En años recientes se ha visto la aparición y el reconocimiento de una nueva hornada de escritores ajenos al nacionalismo de sus predecesores, y en la que muchos se acercan a lo fantástico, como Adriana Díaz Enciso (La sed, 2001), Mario González Suárez (Marcianos leninistas, 2002), Fernando de León (Cárceles de invención, 2003), Verónica Murguía (Auliya, 1997; El ángel de Nicolás, 2003), Pablo Soler Frost (Birmania, 1999), José Luis Zárate (La ruta del hielo y la sal, 1998) o Gonzalo Lizardo (Jaque perpetuo, 2005). No es sólo el desmoronamiento del sistema político mexicano: ahora que damos alegremente a los medios masivos la tarea de educarnos, el ascenso de este nuevo poder fáctico ha vuelto redundante a la literatura como vehículo.

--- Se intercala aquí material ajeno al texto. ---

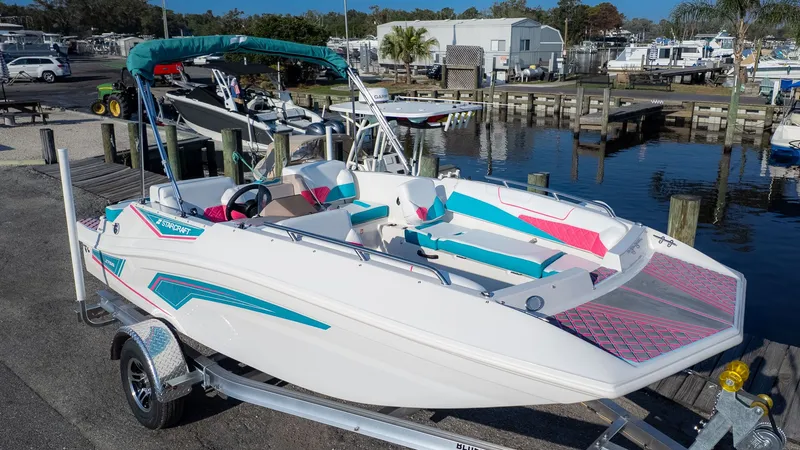 Slide: The Image of A white 2027 Starcraft J7 Jet Super Sport boat on a trailer near a marina. - 16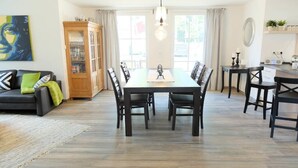 A dining area with a long table and chairs, a cabinet with glass doors, and a sofa with cushions. - Holiday home in Glowe with swimming pool (Glowe)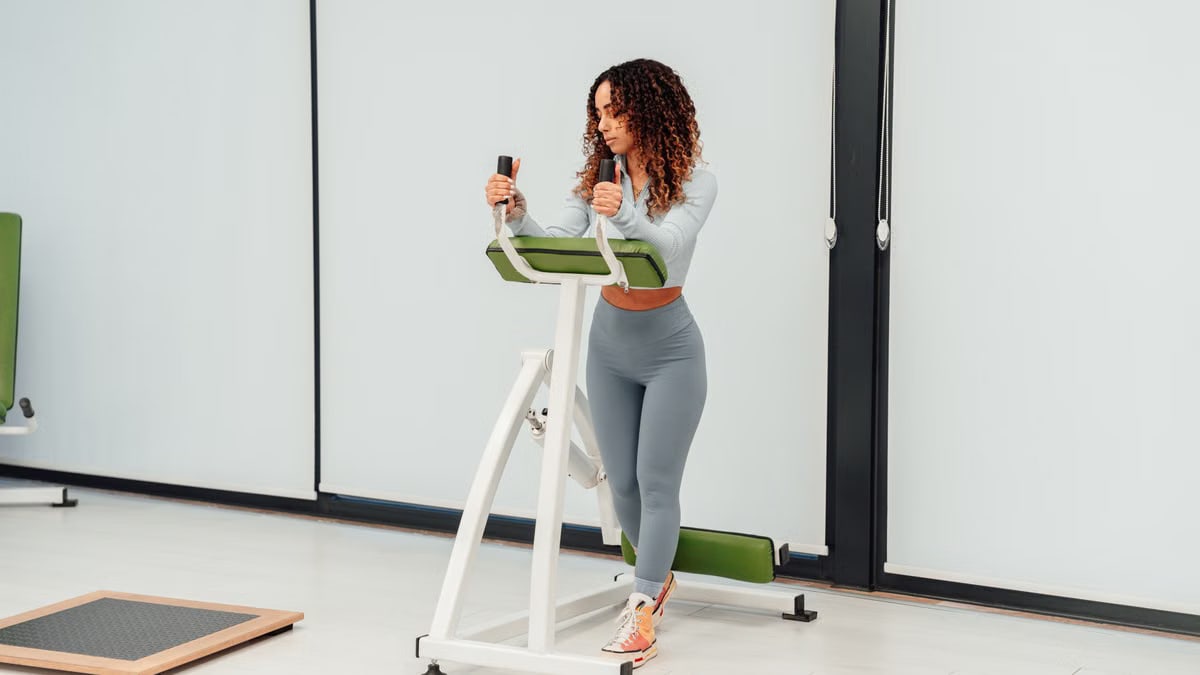 A young woman exercises on fitness equipment in a modern indoor gym setting, embracing a healthy lifestyle.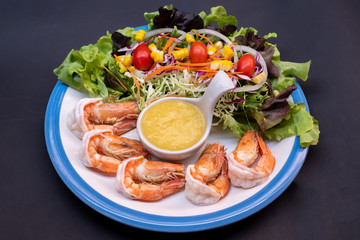Shrimpand salad of fresh vegetables close-up on a plate on black background. horizontal view from above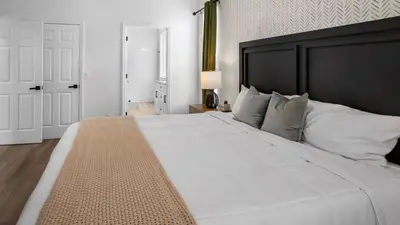 a bedroom with a large white bed with a black headboard at Lovely 7 Bed Pool Home with Game Room-8510PHD home in Kissimmee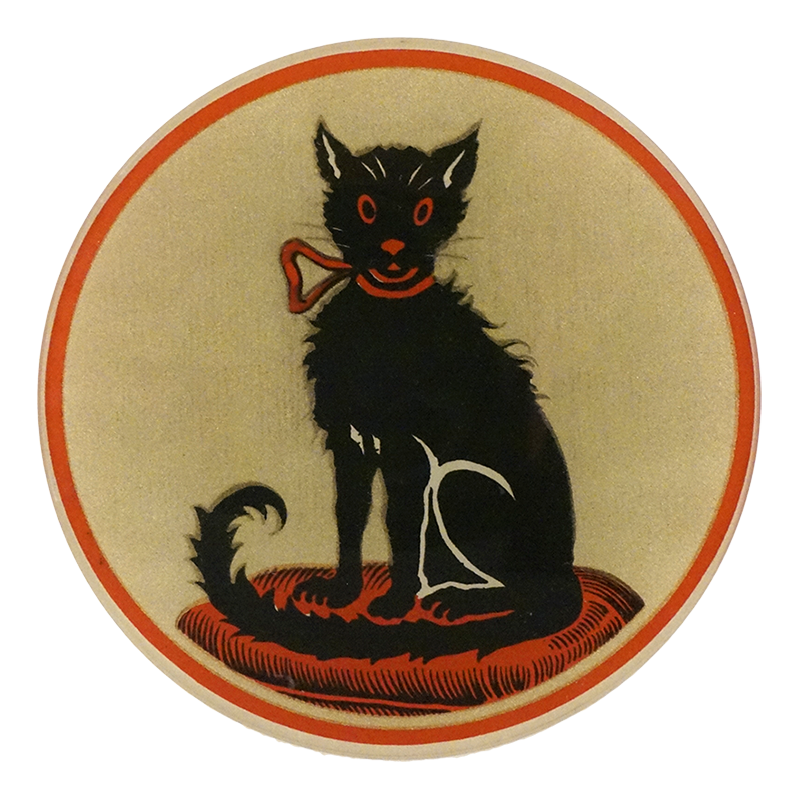 A five inch round glass plate of a black cat sitting on a red pillow on a cream background with red boarder 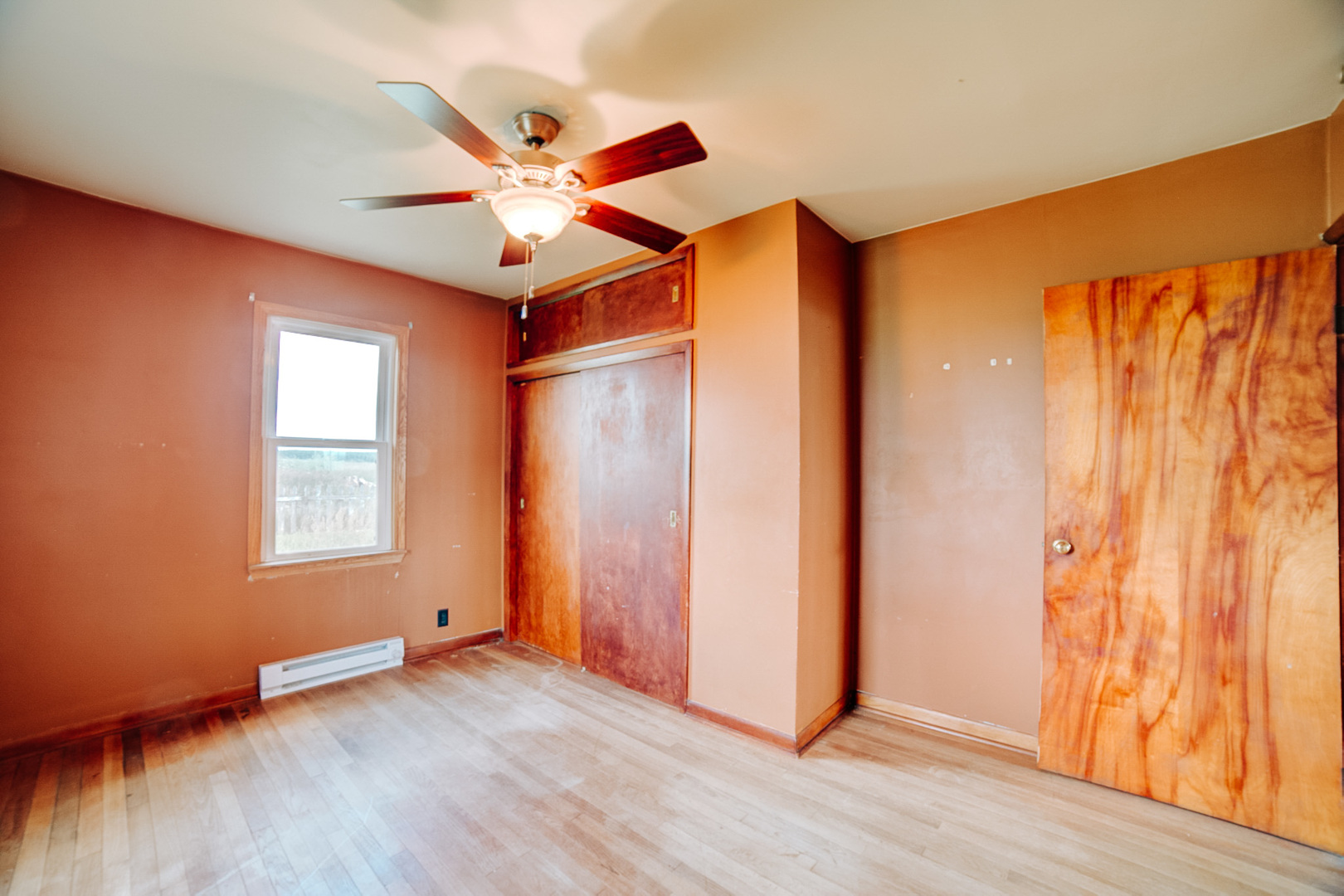 2371 North 3100 East Road Donovan, IL 60931 - Photo 33 of 45 an empty room with wooden floor fan and windows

Sin embargo, la literatura local se subordina cada vez más a las empresas globales, que sólo difunden lo que cabe en los subgéneros establecidos en el «primer mundo». Como lo fantástico ha sido copado y acotado así –al igual que el thriller y los libros de superación personal–, y como la mayor facilidad para publicar en nuestro país no ha traído consigo una recepción crítica menos prejuiciosa, el panorama es desalentador. Lo fantástico podría terminar aquí, definitivamente, limitado a un par de vertientes de «éxito», con la diferencia de que en México no hay una industria como la de otros países, ni colecciones especializadas, ni una demanda que no se satisfaga con traducciones.

Leyendo a Emiliano González (Los sueños de la Bella Durmiente, 1978); a Lorenzo León (Miedo genital, 1991); a Amparo Dávila (Tiempo destrozado, 1959), sólo puedo pensar que esa posibilidad nos privaría de numerosas alternativas, riquísimas, para comprendernos.